Core - unihan_etl.core

Download + ETL UNIHAN into structured format and export it.

unihan_etl.core.not_junk(line)[source]

Return False on newlines and C-style comments.

Return type:

bool

Parameters:

line (str) –

unihan_etl.core.in_fields(c, fields)[source]

Return True if string is in the default fields.

Return type:

bool

Parameters:
unihan_etl.core.filter_manifest(files)[source]

Return filtered UNIHAN_MANIFEST from list of file names.

Return type:

UntypedUnihanData

Parameters:

files (List[str]) –

unihan_etl.core.files_exist(path, files)[source]

Return True if all files exist in specified path.

Return type:

bool

Parameters:
exception unihan_etl.core.FieldNotFound(field)[source]

Bases: Exception

Raise if field not found in file list.

Parameters:

field (str) –

Return type:

None

exception unihan_etl.core.FileNotSupported(field)[source]

Bases: Exception

Raise if field requested is not included in current file list.

Parameters:

field (str) –

Return type:

None

unihan_etl.core.get_files(fields)[source]

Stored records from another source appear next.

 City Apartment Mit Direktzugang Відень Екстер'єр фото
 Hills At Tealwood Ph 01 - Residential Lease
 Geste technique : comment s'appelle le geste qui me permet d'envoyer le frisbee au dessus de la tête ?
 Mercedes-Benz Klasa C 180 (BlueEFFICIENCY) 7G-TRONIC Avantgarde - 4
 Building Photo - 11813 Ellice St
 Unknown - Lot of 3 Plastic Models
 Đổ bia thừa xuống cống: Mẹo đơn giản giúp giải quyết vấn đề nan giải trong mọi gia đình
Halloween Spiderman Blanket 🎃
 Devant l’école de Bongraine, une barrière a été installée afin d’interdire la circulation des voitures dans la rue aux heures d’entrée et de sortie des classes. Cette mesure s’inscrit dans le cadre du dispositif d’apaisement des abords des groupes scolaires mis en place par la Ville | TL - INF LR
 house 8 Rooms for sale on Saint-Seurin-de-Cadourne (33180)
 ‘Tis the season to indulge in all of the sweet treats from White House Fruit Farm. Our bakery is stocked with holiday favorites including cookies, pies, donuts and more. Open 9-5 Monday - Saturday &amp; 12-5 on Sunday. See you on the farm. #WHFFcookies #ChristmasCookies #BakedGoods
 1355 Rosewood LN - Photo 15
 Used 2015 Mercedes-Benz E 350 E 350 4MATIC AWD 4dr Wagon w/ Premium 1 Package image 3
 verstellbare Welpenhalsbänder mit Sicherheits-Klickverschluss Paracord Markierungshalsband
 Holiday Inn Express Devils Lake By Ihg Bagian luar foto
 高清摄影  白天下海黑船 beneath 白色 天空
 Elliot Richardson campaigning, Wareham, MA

Return list of files required by fields. Simple dependency resolver.

Return type:

List[str]

Parameters:

fields (Sequence[str]) –

unihan_etl.core.get_parser()[source]

Return argparse.ArgumentParser instance for CLI.

Return type:

ArgumentParser

Returns:

argument parser for CLI use.

Return type:

argparse.ArgumentParser

unihan_etl.core.has_valid_zip(zip_path)[source]

Return True if valid zip exists.

Return type:

bool

Parameters:

zip_path (str or pathlib.Path) – absolute path to zip

Returns:

True if valid zip exists at path

Return type:

bool

unihan_etl.core.zip_has_files(files, zip_file)[source]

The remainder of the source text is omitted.